Para cuando venía a llegar a segunda base, ya estaba exhausto. Pero, lo admito, La Malanga corrió con el corazón. Se le veía trajinar. Empeñado en sobrellevar su peso, más su tamaño, más el romo que se había tomado la noche anterior (no nos engañemos), La Malanga corría hasta con gracia hacia la intermedia.

Estábamos extasiados.

Homero: coño yo lo sabía Lamarcheeeee…

¿Qué va a sabé tu mmg?

Nos chocábamos las palmas, les chocábamos las palmas a todos a nuestro alrededor. La algarabía no se hizo esperar. Licey Campeón. ¡Licey Campeón!, era nuestro grito de guerra.

Hasta que a La Malanga, al borde de pisar segunda, se le ocurrió la maravillosa idea de seguir hacia tercera.

Imaginemos lo siguiente: 20 mil personas en un estadio de béisbol. Mitad de los cuales son del Licey, para ser liceystamente conservador. Todos vitoreando la hazaña que nos brindaba el destino, al mismo tiempo… y que, conociendo a quien va corriendo, nos callamos, todos, de repente.

Pasamos del estado más histérico del gozo colectivo, al sobrecogimiento más absoluto.

Entre los gritos, pude oir:

Señor Correcto con Audífonos: pero coooño qué é lo que haceeeeeee…

Señora embarazada: ay yo me voy a poné mala.

Esposo de la señora embarazada: mujer, mujer…

Jovencito que cree haberlo visto todo: mira ese mmg coño.

Miré a Homero. En sus ojos había un estado de incredulidad mezclado con entrega. El me decía con su mirada: mierda tó.

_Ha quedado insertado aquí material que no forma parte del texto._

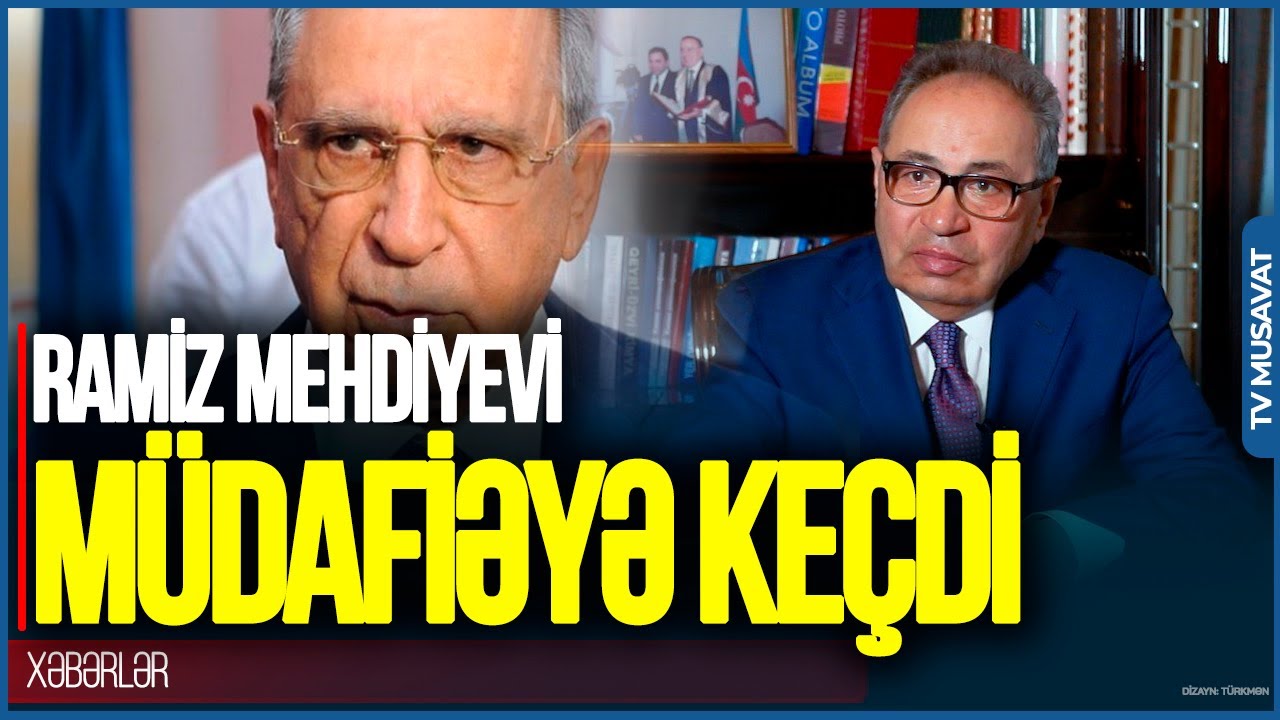 Abel Məhərrəmov Ramiz Mehdiyevi MÜDAFİƏYƏ KEÇDİ – ŞOK sirlər ÜZƏ ÇIXIR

Yo empecé a reirme histéricamente.

La Malanga intentaba extender un batazo. Intentaba robarse una base. En una jugada más que atrevida, con el coach de tercera gritando viva voz párateeeeeeeeee y haciéndole señas para parquear un avión en la Rocco Cocchia, La Malanga siguió en un tropel enloquecido hacia tercera, porque vio la pifia del jardinero central al coger el batazo que había dado contra la pared de left-center field.

¿Pero va seguiiii?

Yo lo vi bebiendo romo anoche y míralo… ahí ta, tirando el juego, botándolo como si fuera basura.

Homero estaba como loco.

Malanga. Malanga ¡Malangaaaaaaa!, sus alaridos retumbaban en el grand stand.

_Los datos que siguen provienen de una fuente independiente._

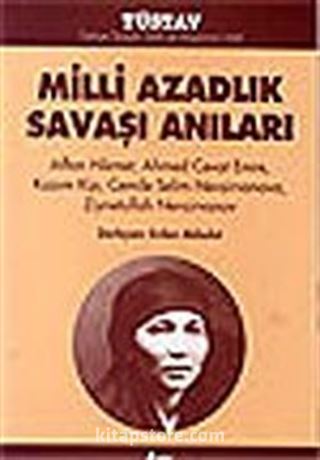 Milli Azadlık Savaşı Anıları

Me dije: coño si, mierda tó, yo también.

Y comencé ¡Malanga, Malanga, Malanga, Malanga!

Rápidamente, se nos unieron. Y otros empezaron de su parte a gritar.

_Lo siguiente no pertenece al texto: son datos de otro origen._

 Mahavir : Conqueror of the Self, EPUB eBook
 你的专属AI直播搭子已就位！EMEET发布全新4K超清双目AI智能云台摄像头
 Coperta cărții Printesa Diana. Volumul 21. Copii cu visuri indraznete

¡Malanga, Malanga, Malanga!

En los cinco pasos que hay desde el campo corto hasta la recta final de tercera La Malanga cogió un segundo aire. Parecía como si nos hubiera oido gritar su nombre. Parecía que tomaba nuevos alientos.

Pero, ¡qué va!

Míralo, dijo el Señor Correcto con Audífonos: le pesa ese culazo y la lengua le da en el pecho.

Efectivamente, la lengua de La Malanga era la de un Labrador que acaba de subir el Everest. Su paso era torpe. Ya el jardinero había lanzado y el tiro era cortado por un paracorto que tenía un rifle 30-30 en el brazo. La Malanga no lo lograría. No estaba escrito. Eramos Liceystas y, Liceystas al fin, sabíamos que no podíamos tener tanta suerte.

La Malanga llegaba. El paracorto se volteó. Y con toda la certeza del mundo, hizo el tiro fatal a tercera. La Malanga, como un edifició, se desplomó, porque no se puede decir que se deslizó. Un polvazo puso a todo el mundo en el estadio y en sus casas. Pendientes de qué cantaría el umpire, colgábamos de nuestros asientos. Todo el mundo estaba en silencio. Todos mirando que pasaría cuando el polvo se disipara.

Y, si, se disipó.

Y vimos: a La Malanga agarrándose con la uña del índice de la base porque no podía más. Vimos al tercera base con el guante pegado a su pierna. Y vimos, ¡vimos!, al umpire haciendo la seña, definitiva, de safe.

Lo había logrado. La Malanga se había casado con la gloria. Se había arriesgado y la hazaña había dado frutos.

¡Aquello fue un pandemonio azul!

¡Licey Campeón! ¡Licey Campeón! ¡Licey Campeón!

Cuidao si se pone malo ahora… dijo la señora embarazada, ahora super preocupada por su héroe, alguien que hacía menos de un minuto iba a dar al traste con su embarazo. Mírenlo como se lo llevan.

De más está decir que ganamos el juego. Un corredor emergente entró por La Malanga. Fly de sacrificio, una carrera fácil.

Ser Liceysta es mejor que tener novia nueva.